Step by Step Developing a SOHO HTTP Filter


Most available web filters work inline; this means that all outgoing and incoming packets are passed through a filter driver. This approach, along with its own benefits, has a big flaw; the filtering process affects data transfer throughput. This project represents an experimental remedy to this issue by putting the filter engine in sniffer mode. This way, the filtering process and data transfer act independently.

2. Requirements

  • The article expects the reader to be familiar with C++ and TCP/IP concepts.
  • The source code uses the following libraries:
    • Winsock
    • Ethereal: A packet capture and network analyzer
  • The code was compiled and built with VC7 on Windows server 2003.

3. Introduction

The main goal of this article is to explain the practical details of low-level network programming. There are many commercial and open source firewalls and HTTP filters available on both Linux and Windows. But internally, most of them follow the same approach to find their targets. The reference section of this article provides you with handy books related to this topic.

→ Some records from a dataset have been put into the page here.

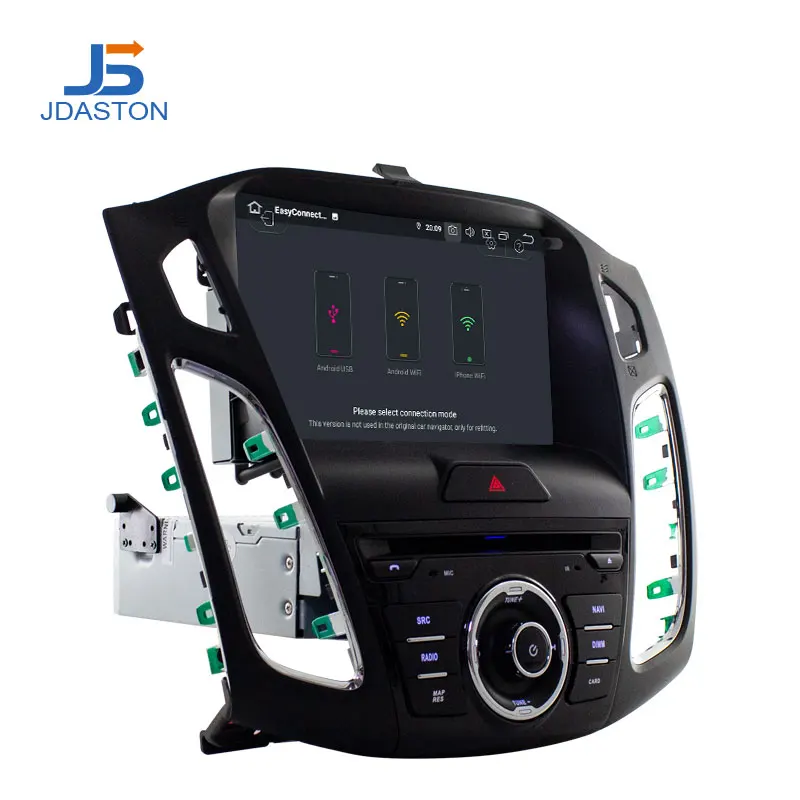 JDASTON Android 9,0 dvd-плеер для автомобиля Ford Focus wifi Мультимедиа gps стерео 1Din Автомагнитола аудио авто видео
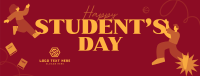 Bookish Students Day Facebook Cover Design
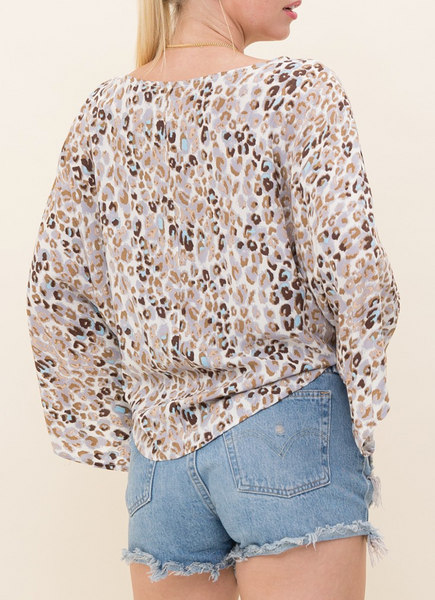 Keira Tie Front Print Top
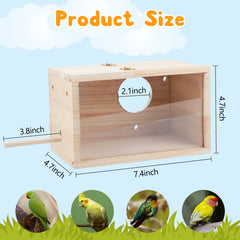 Rypet nesting box in natural paulownia and pine wood offers insulation and a forest aroma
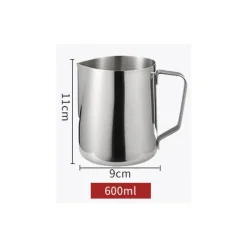 Milchaufschäumkrug aus Edelstahl – Barista-Werkzeug für Lattes und Cappuccinos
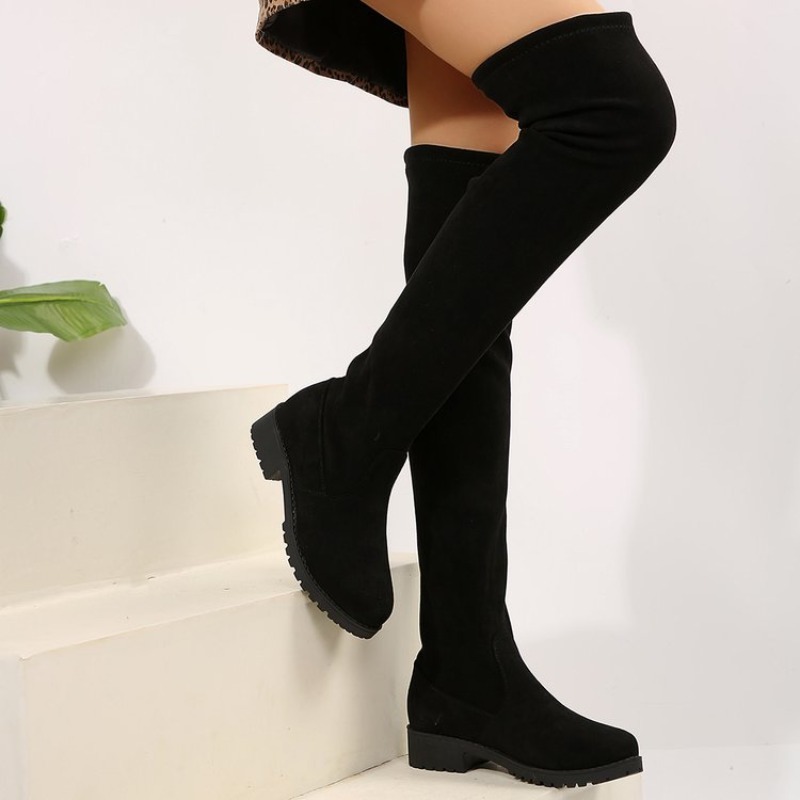 Women Over The Knee Boots Thig - Knee High Sock Women ulasan dan harga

Specifically, a web filter could act in two modes to inspect outgoing packets for blacklist keywords: Inline mode and Sniffer mode. I explain both modes of operation and compare them.

4. Background

This section explains the TCP/IP protocol stack, HTTP protocol behavior, and a Boyer-Moore algorithm to perform fast pattern matching. If you think that you have enough experience and knowledge and want to get your hands dirty, please continue to Section 7 (Implementation).

A mission critical system is totally different from an office application. Imagine your team plans to develop a firewall, web filter, or even a secure proxy server that processes tons of packets in a few seconds. What are the main characteristics of these systems?

Being fail-safe, high-performance, full-feature, and GREEN are a few. Green means the system should not eat up CPU cycles and the memory of the hosted platform. Meanwhile, in such an expensive project, there is no room for logical mistakes due to a lack of technical knowledge! In a typical environment, your last result must be deployed in the model below:

4.1 TCP/IP protocol stack

As the name describes, TCP/IP refers to a number of protocols, each of which was developed for a purpose. To understand a HTTP session establishment process, you should know at least the following protocols: Ethernet II, ARP, IP, TCP, UDP, HTTP, and DNS.

4.2 Ethernet II

The Ethernet II frame format was defined by the Ethernet specification created by Digital, Intel, and Xerox before the IEEE 802.3 Specification. The Ethernet II frame format is also known as the DIX frame format.

Ethernet II consists of the following fields: (Totally 26 bytes + payload from 46 bytes to 1500 bytes)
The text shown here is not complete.